We start to see some weird stuff when plants are chronically exposed to magnesium levels higher than Ca.

Unless you are using RO or rain water, your typical surface or ground waters will have 2 to 10 times as much Ca to Mg. So adding very small amounts of Mg into your tap water can be very beneficial bringing the balance closer to 2:1. But without knowing the hardness of your water, and the ratio of Ca/Mg in it, its impossible to say how much epsom salt to add on a regular basis.


----------



## Rick (Sep 1, 2012)

Mocchaccino said:


> Stone, I have Epsom Salts in my hands. I remember someone in a thread shared the amount of Epsom to be included in waterings but I could not find that. So I'm just going to ask how much I should add. Perhaps 0.1 g in 10L of water?
> And which Calcium compound should I use. I only got Calcium carbonate. I know it's rather insoluble.



Calcium sulfate (gypsum) is much more soluble than CaCO3, and should also be readily available.

Calcium chloride and Calcium nitrate are more soluble yet, but I don't like the idea of having that much chloride around the roots, and the nitrate needs to take into account any other nitrogen fertilizer you are using.


----------



## Stone (Sep 1, 2012)

Yes I'm using a lot of gypsum now.
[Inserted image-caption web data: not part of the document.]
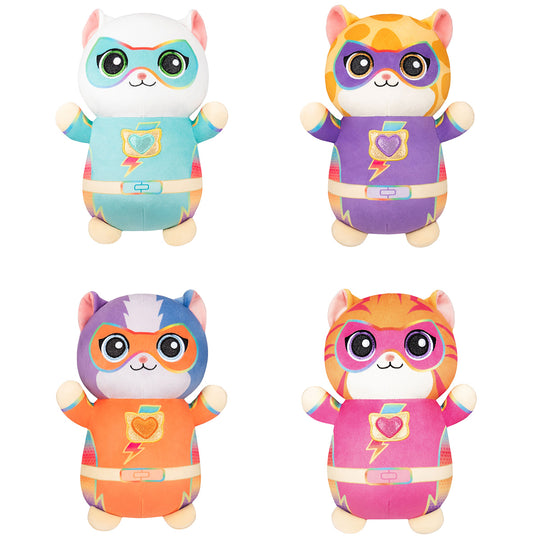 Disney SuperKitties HugMees Bundle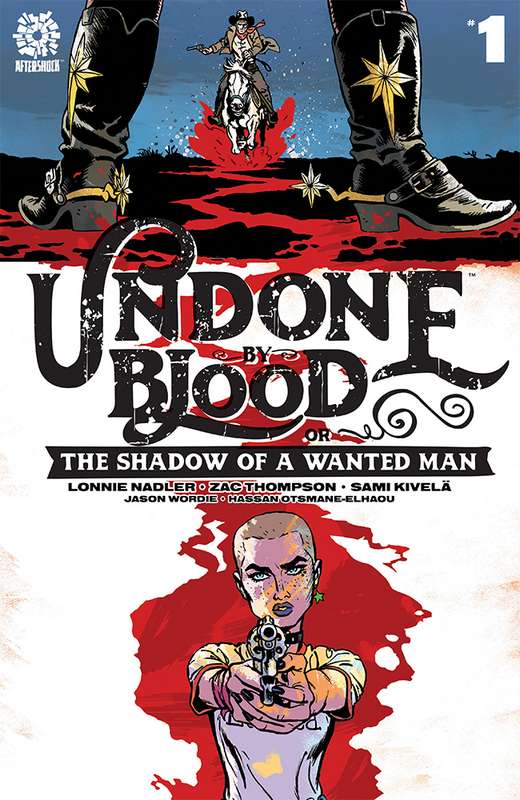 UNDONE BY BLOOD #1 CVR A KIVELA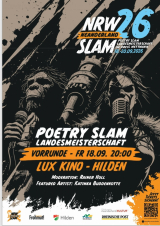 Filmplakat POETRY SLAM Hilden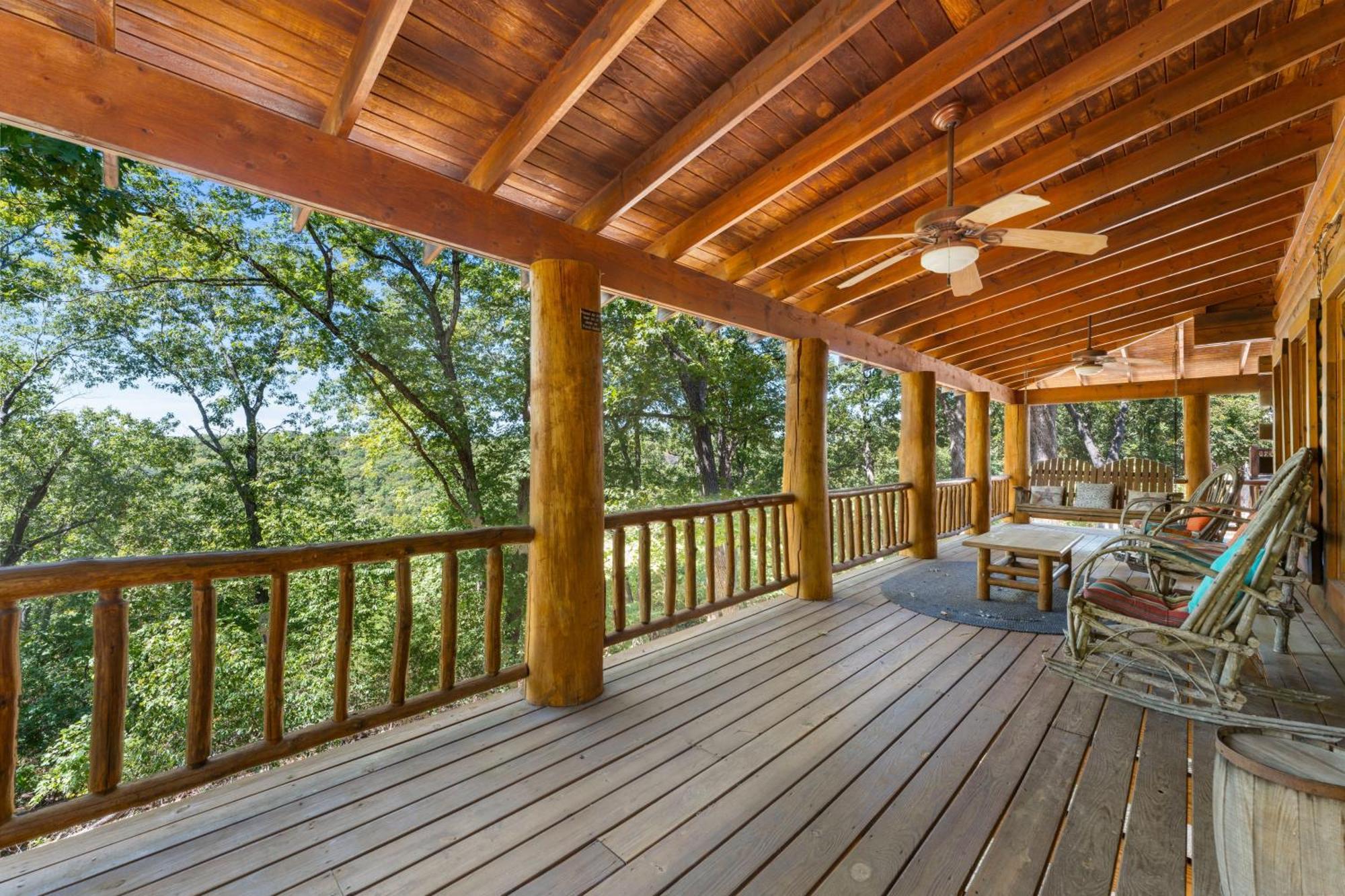 The Lazy K Cabin Cabin Branson Kültér fotó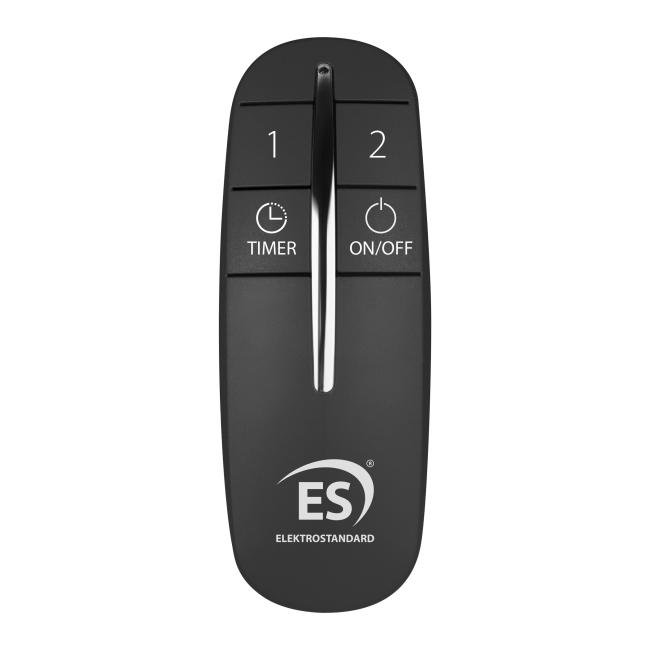 Пульт управления 16001/02 Черный (2 канала) Пульт к светодиодной ленте Elektrostandard Пульт управления 16001/02 Черный (2 канала)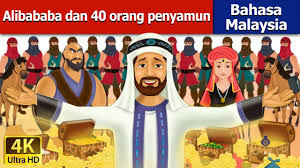 Ali baba dan 40 penyamun. Alibababa Dan 40 Orang Penyamun Kartun Kanak Kanak Cerita Kanak Kanak Malaysian Fairy Tales Youtube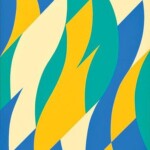 Fold Fold Bridget Riley 2004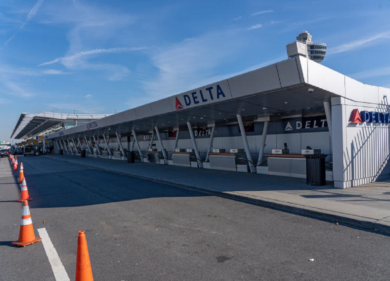 Fiumicino, riconoscimento biometrico per i passeggeri Delta Air Lines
I got a sack of it and used a very fine sieve to filter out all the course particles (1 to 4mm) and use about 1/3 teaspoon of these on a 4'' pot. This will supply Ca and S for many months without interfering with pH too much.
The Mg in your usual fertilizer should supply plenty of Mg.
If not try about 20 mg/L along with 100 mg/L Calcium sulphate. Or 1/2 of both of these.
As Rick mentioned, too much Mg as foliar feed might cause imbalance with Ca, especially if the roots are damaged. And don't forget B.
If you cant find Calnitrate or Gypsum, you could try a drench of Calcium Hydroxide ( builders lime ) every 3 months or so and use a fertilizer with a higher percentage of Ammonium or Urea. Its a balacing act but I find its always safer to dilute so much it seems ridiculous. Maybe 10 times what the manufacturer recommends, and work from there.


----------



## Eric Muehlbauer (Sep 1, 2012)

Calcium hydroxide is also called picking lime and kalkwasser (for reefkeepers), but its pretty caustic stuff. I'm assuming any of it used on orchids must be extremely dilute.


----------



## Rick (Sep 2, 2012)

Eric Muehlbauer said:


> Calcium hydroxide is also called picking lime and kalkwasser (for reefkeepers), but its pretty caustic stuff. I'm assuming any of it used on orchids must be extremely dilute.



Eric

Don't you still use some of that EPSOMA peletized lime now and then.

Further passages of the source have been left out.